EDIT: now you explain that the 'items' are emails, and a possible search is 'restaurant X' and you want to find the best 'items' (emails). Therefore, the document is the email. The schema could be as simple as this: (id, title, text, user).
You could enable highlighting to get snippets of the 'text' or 'title' fields matching the 'restaurant X' query.
If you want to give the end-user information about the users that wrote about 'restaurant X', you could facet the 'user' field. Then the end-user would see that John wrote 10 emails about 'restaurant X' and Robert wrote 6. The end-user thinks "This John dude must know a lot about this restaurant" so he drills down into a search by 'restaurant x' with a filter query user:John
You could use use two indices: users->items as described in the question and an index with 'pure items' referencing back to the user.
Then you will need 2 queries (thats the reason I called the question '2d Search in Solr'):
query the user index => list of e.g. 10 users
query the items index for each user of the 1. step => best items
Assume the following example:
userA emails are "restaurant X is bad but restaurant X is cheap", "different topic", "different topicB" and
userB emails are "restaurant X is not nice", "revisited restaurant X and it was ok now", "again in restaurant X and I think it is the best".
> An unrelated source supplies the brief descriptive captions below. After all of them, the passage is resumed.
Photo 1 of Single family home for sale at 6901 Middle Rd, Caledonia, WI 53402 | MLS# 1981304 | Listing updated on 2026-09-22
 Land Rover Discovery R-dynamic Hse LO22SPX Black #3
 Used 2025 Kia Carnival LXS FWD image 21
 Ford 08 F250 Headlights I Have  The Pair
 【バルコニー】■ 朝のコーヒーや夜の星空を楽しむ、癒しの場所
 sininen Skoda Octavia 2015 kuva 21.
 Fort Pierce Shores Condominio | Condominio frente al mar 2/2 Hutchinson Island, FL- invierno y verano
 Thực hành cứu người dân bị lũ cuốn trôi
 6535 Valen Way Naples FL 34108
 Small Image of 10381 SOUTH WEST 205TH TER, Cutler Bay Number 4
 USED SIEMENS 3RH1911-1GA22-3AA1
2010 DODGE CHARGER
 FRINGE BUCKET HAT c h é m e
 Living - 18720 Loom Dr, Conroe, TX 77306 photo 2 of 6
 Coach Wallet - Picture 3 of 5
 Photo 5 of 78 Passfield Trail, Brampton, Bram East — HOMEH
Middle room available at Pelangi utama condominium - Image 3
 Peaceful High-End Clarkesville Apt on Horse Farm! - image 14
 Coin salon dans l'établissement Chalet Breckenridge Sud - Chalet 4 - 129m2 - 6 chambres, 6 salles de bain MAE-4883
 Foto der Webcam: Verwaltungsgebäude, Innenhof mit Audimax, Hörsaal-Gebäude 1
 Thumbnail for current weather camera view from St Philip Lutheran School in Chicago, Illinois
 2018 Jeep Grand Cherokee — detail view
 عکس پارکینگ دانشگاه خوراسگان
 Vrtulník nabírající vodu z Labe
Now I query the user index for "restaurant X" and the first user will be userB, which is what I want. If I would query only the item-index I would get the item1 of less relevant userA.
Drawbacks:
bad performance, because you will need one query against the user index and e.g. 10 more to get the most relevant items for each user.
maintaining two indices.
Update to avoid many queries I will try the following: using the user index to get some highlighted snippets and then offering a 'get relevant items'-button for every user which then triggers a query against the item index.
You can use the collapse patch and store each item as separate document linking back to the user.
The problem of that approach is that you won't get the most relevant user. Ie. the most relevant item is not necessarily from the most relevant user (because he can have several slightly less relevant items)
See the "Assume the following example:" part in my second answer.